So I have been battling my rear brakes on my 2016 2500hd Silverado over the past few days and am at a loss. I have searched high and low on help in regards to why GM, "in their infinite wisdom, " put two return springs on the parking brake shoes, the section that ties into the cable operation part. Then where the adjuster wheel is a much smaller spring. Regardless, I'm trying to replace the hardware on each rear wheel due to frozen caliper slide pins. Oh and finding on of said springs broken in pieces just rattling around inside the inner rotor area. HTF do you get the inside spring out behind the reluctor wheel part of the hub. Mine has the 4 wheel antilock brakes so there is a speed sensor or whatever in there as well. It is so frustrating at this point I might as well just remove the axle a hub assembly. Or is that how it is supposed to be done? Please any insight would be much appreciated. The more detailed the better. Thanks 

 

Mike McClure 

Posted

Thank you mjm-1957 for your reply.

 

Mike

Posted

Your welcome. If you have never done that before I would recommend bringing it somewhere you trust and have them do it. The hub requires a special socket to remove the nut and then a puller to remove the hub from the axle. The inner seal must be replaced whenever the hub is removed and then the bearing preload has to be correctly adjusted when it goes back together. Also replace the axle flange gasket while you have the axle shaft out.

  • 3 years later...
Posted
On 5/13/2021 at 10:07 PM, cutsal86 said:

So I have been battling my rear brakes on my 2016 2500hd Silverado over the past few days and am at a loss. I have searched high and low on help in regards to why GM, "in their infinite wisdom, " put two return springs on the parking brake shoes, the section that ties into the cable operation part.
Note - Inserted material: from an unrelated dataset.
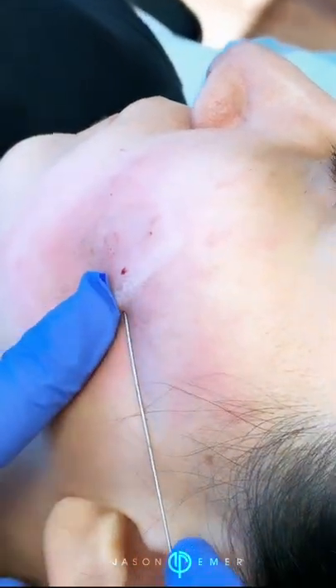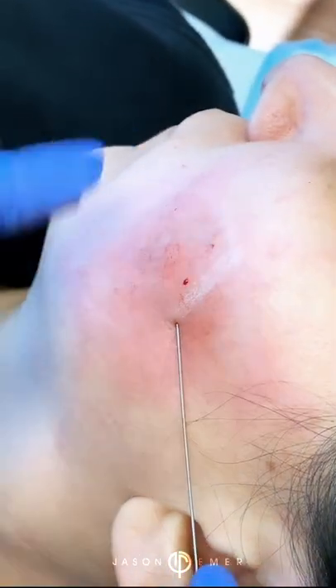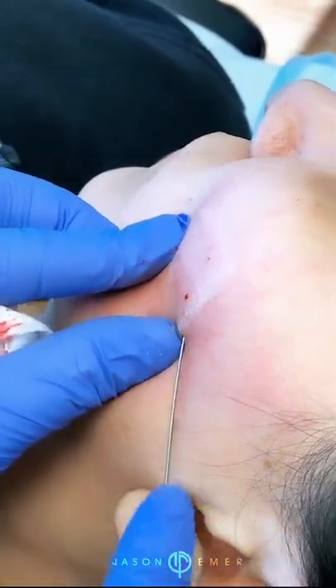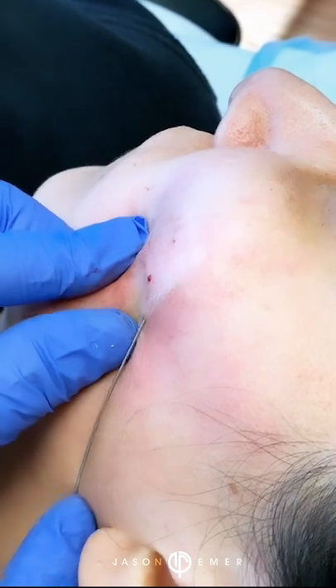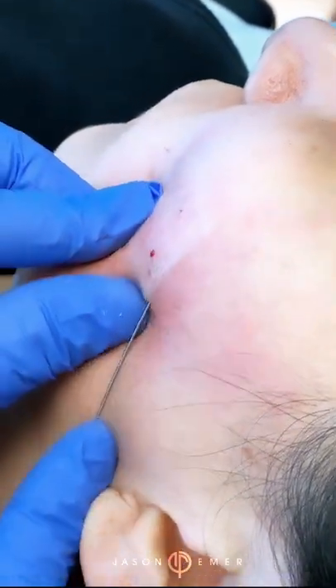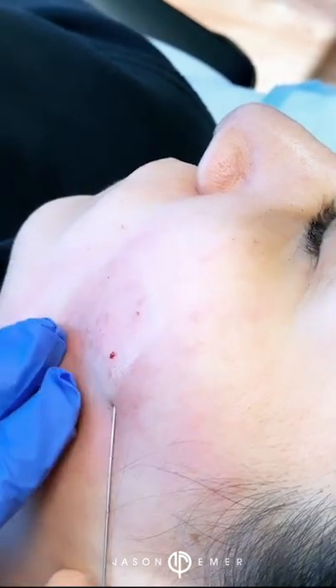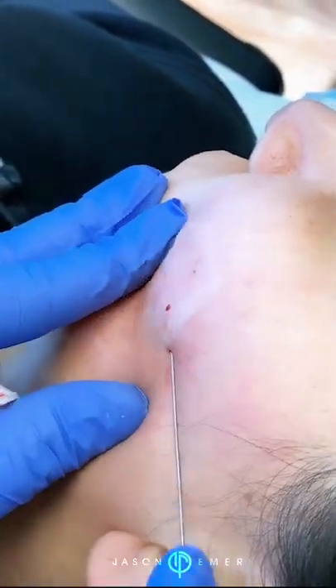So if you guys can see, here's the area that we're subsizing, and here there was a very deep scar. Look at my cannula now — as I move through, there's literally no break, no issue while I'm moving, and that's because we've literally lifted all of those tethered scars.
Then where the adjuster wheel is a much smaller spring. Regardless, I'm trying to replace the hardware on each rear wheel due to frozen caliper slide pins....                 

 

And who is the jeeennyis that settled on a guide/slide pin bolt with an internal hex, knowing there's no easy access?  just a touch bit of thinking wouldve begged the question (& offered a solution by default). why not use an external hex on that guide pin/ slide/bolt assy? theres easily room for a 1/2 hex to use a regular 6pt socket on, it shortens the stack height so you can work with the leaf springs that are in the way now, we'd have much more positive engagement, we'd  have 100% success rate at removal & far less broken sockets. AND you wouldnt be in the emergency brake hell that you're in now, (or were then)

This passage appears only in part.